This year, in the Buckingham household, we have begun what I hope will become a tradition.
No, it
isn’t considered a “tradition” to avoid burning down the house—that is more of
a rule inscribed on the third tablet that Moses dropped and broke by mistake. Take from that what you will.
At any
rate, last year, on January first, Stij and I each put an empty Mason jar on
our respective desks. It
was our job, when something terrific happened all during the year, to write it
down on a scrap of paper and put it in the jar. On New Year’s Eve, we will open up the
jars and read the contents aloud as a way of expressing our gratitude for the
good things life has brought us during the previous year.
We
decided to open them a day or two early on this, the inaugural year. Here’s how it went:
“Okay,
who goes first?”
“I will,”
Stij said, fishing out a piece of paper. He read, “Had the fire extinguishers
recharged.”
“And
that’s a terrific thing from last year?”
“Remember
the pot roast?”
“Oh…right.
Okay, my turn.” I unfolded my paper. “Made
pot roast.”
“Well, I
guess that’s a wash. ‘Bought
a new ride-on mower.’”
“You sure
pick some odd things to put in your jar. ‘Drove ride-on mower through
neighbor’s prize-winning Petunia bed.’”
“Talk
about me! How is that a great thing?”
“It got
you that new ride-on mower you wanted, didn’t it?”
Stij
shook his head as if trying to clear water from his ears. “Remodeled living
room.”
I opened
my slip of paper. “Saved the bric-a-brac by setting fire to a giant homemade
loaf of bread that attacked the living room.”
“Remodeled
the kitchen.”
“Remind
me of why you had to do that."
“Exploding
lasagne.”
“Oh…right. But the salad was good, as I
remember.”
“You have
the memory of a dead elephant. The
‘salad,’ as you so laughingly call it had a homemade dressing on it that ate
through an anodized aluminum bowl AND the counter top—and it takes a lot to eat
through granite in three-and-a-half seconds. Have you ever considered a career in
munitions?”
“Tee hee. Here’s mine, ‘Created a lasagne that
looked exactly like the photograph in the cookbook—before exploding.’”
“Five
seconds of pride followed by three seconds of mayhem and two-and-a-half months
of work.”
“Okay,
smart guy, let’s hear another one of yours, then.”
“Okay.
‘Installed steel counter top on kitchen island.’”
“Didn’t
that come under the kitchen remodel?”
“No that
was later on when your chocolate chip cookies melted the previous one.”

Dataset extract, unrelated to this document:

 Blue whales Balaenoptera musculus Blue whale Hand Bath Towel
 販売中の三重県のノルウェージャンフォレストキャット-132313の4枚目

“Oh…right. Here’s one of mine: ‘Feeding the
birds.’”
“Here’s
mine: ‘Shoveling up and disposing of 300 bird carcasses after you ‘kindly’ fed
them the bird seed balls you made and hung from the trees.’”
“Oh, come on.”
“’Come
on,’ nothing! To this day,
Ziplock has no idea that they actually make body bags. I still don’t know how you could screw
up birdseed balls..”
“Well,
the recipe called for suet, which I didn’t have and had no idea where to get,
so I got creative and used Gorilla Glue instead.”
“Got
creative? Got homicidal,
you mean. If I hadn’t
gotten rid of those bodies pronto, PETA would have burned you in effigy. It’s as close as I ever want to get to
feeling like a mob clean-up man.”
This was
not turning out to be the uplifting exercise I had originally envisioned.
“Okay,
okay! I see that you have
one left—let’s hear it.”
He
unfolded the last slip. “‘I
love being married to my wife because there is never a dull moment.’”
“Funny,
my last slip says the same thing about you,” I said.
Just goes
to show you that the couple that cooks and rebuilds together stays together.